T. W.: We don’t have a style. That is part of the Animus philosophy. Our style is the animation quality. People working here have a strong drawing ability. If you are capable of controlling the co-ordination between your mind and your hand then you can handle any style. Our style is the quality of production and we hope that is apparent to agencies. We hope that they will bring us all sorts of styles. It is better for us because it is so easy to get into a rut, and be type cast as well. We want to be constantly inventive as craftsmen.

We are animating a commercial for Spain at the moment which consists of fashion drawings, black and white with just a touch of colour. One drawing transforms into another and then another to show the range of products the company make. It is not as expensive as say the Lamot but it will be a better commercial. Being inventive and fresh, it will gain more attention.

D. J.: How many commercials do you make in a year?

T. W.: During Cathedral we made the mistake of not taking on commercials so we lost a year-and-a-half contact with the agencies, which we are now having to claw back.

D. J.: Were you trying to make the break with commercials?

T. W.: We weren’t trying to make the break.
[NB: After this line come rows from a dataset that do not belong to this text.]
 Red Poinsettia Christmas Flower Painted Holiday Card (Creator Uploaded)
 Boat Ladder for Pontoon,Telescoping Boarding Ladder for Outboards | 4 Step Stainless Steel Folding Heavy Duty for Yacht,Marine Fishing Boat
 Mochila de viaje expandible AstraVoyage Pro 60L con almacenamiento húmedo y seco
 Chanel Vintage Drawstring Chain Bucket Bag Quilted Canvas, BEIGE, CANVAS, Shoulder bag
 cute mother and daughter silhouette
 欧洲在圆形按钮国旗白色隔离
I made a conscious decision to concentrate on Cathedral with the anticipation that we would come out with enough profit to survive afterwards, but we didn’t, it all went into production values. We came out with a great deal of knowledge but nothing else.

We have been running seminars for agencies; invite them in, introduce them to our work, explain how animated films are made, show them around the studio, give them a general talk, run the show reel, do a question-and-answer session, hand out an extract from the book with details of the stages of the process, and generally educate them about animation.
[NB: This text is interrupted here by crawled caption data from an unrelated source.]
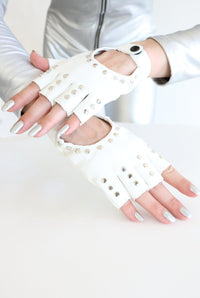 Xyla White Studded Fingerless Gloves Gloves Iconic Outfitters 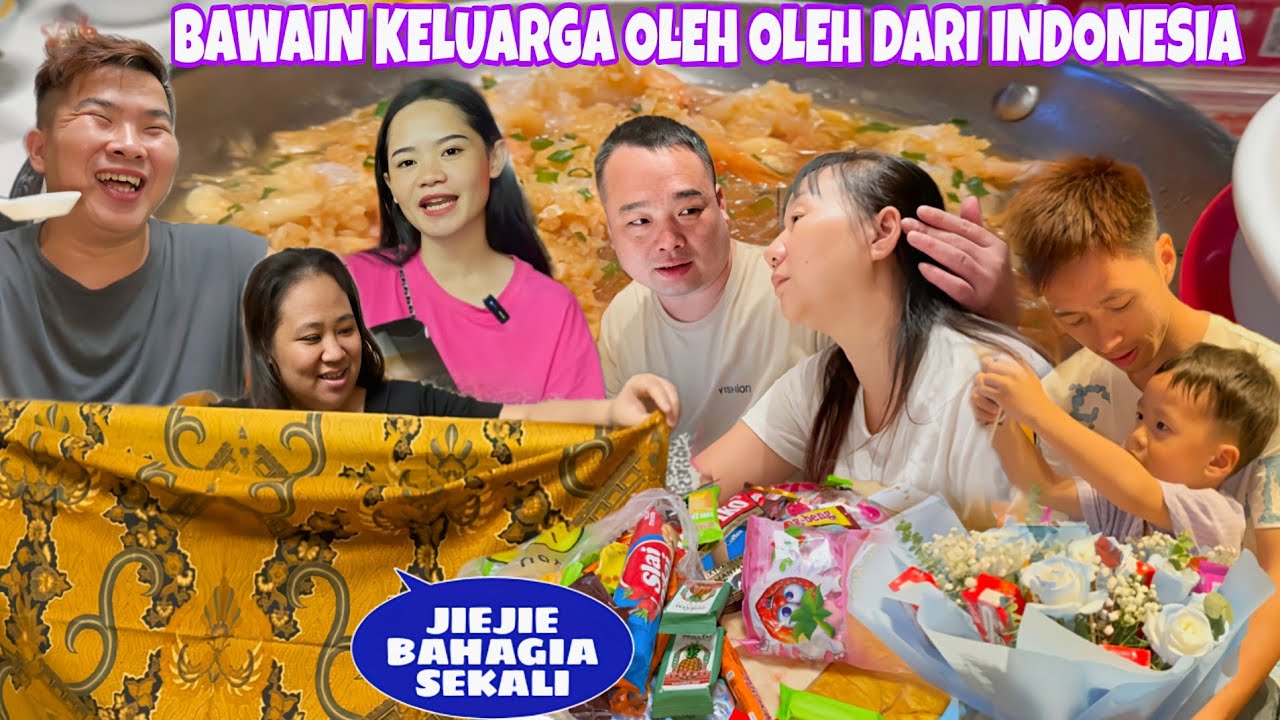 BAWAKAN GEGE DAN JIEJIE SUBUR OLEH OLEH INDONESIA MEREKA SENANG SEKALI, GEGE SEMAKIN BUCIN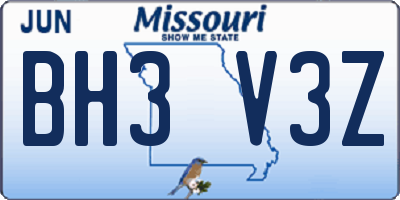 MO license plate BH3V3Z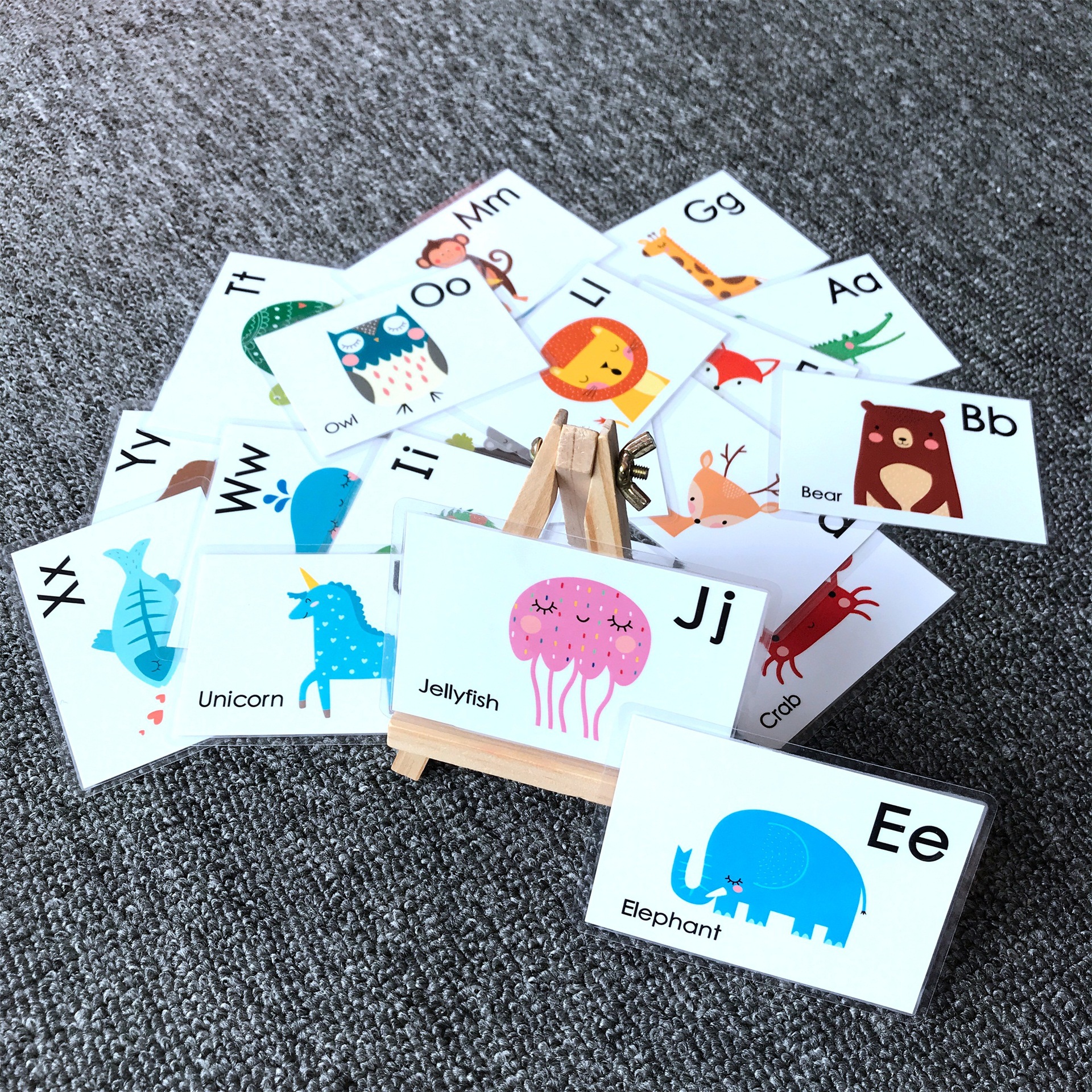 塑封防水颜色动物字母拼读英语单词学习闪卡片color flash cards-阿里巴巴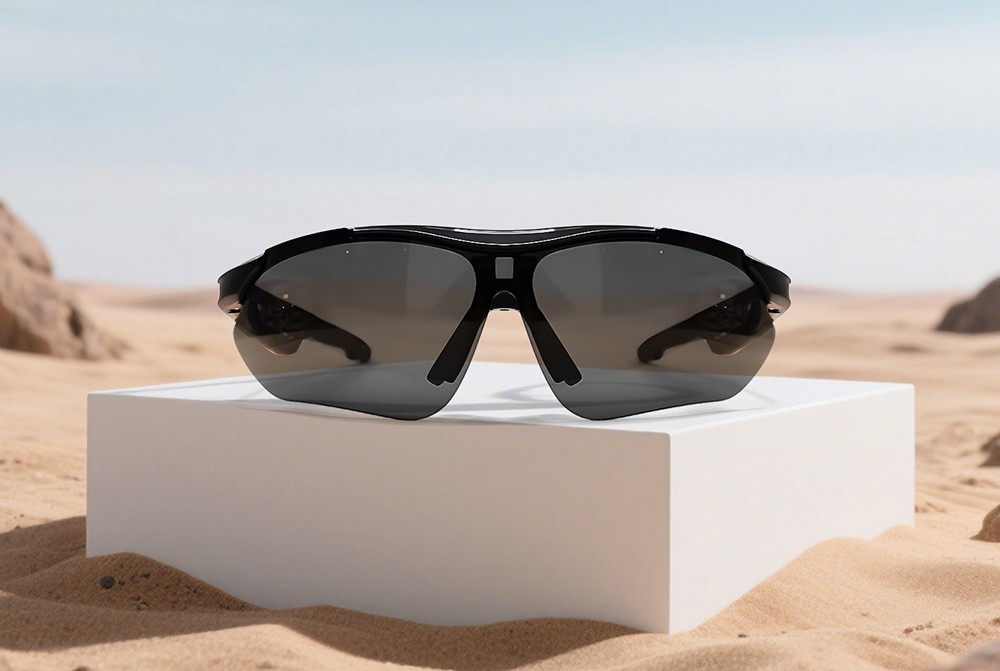 SENBONO QYpro 3 Intelligent Bluetooth Cycling Sunglasses, 6 Hours Battery Life, AI Voice Assistant, One-click Control - White Blue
You do get agencies who have worked in and out of animation for a long while but a lot of people do not have the first idea about animation. They can make unrealistic demands on an animator unless they understand that we can’t do something new overnight.
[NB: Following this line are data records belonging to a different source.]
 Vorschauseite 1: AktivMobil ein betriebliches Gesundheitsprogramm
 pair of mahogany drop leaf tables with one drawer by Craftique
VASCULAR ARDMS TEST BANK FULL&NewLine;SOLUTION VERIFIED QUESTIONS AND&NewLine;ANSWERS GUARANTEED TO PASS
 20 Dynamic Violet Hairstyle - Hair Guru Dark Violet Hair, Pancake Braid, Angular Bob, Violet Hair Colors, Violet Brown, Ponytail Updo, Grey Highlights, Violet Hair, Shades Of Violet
I once had a client who came in for the animation line tests. He said: “The animation is perfect but when you shoot it again can you use a higher camera angle.” It took quite a while to explain to him that we would have to redraw everything and they would have to pay for it to be redrawn.

We had a lady producer who insisted on being in on the shoot because she always attended the shoots of her live action productions. So on the first morning we wheeled her into the rostrum camera room, put white gloves on her and said you must not touch anything because fingerprints will spoil the drawings. We sat her down by the rostrum cameraman while he laboriously clicked one frame at a time. After about fifteen minutes she said: “Well actually I’ve got another appointment,” and she never demanded to be in on a shoot again.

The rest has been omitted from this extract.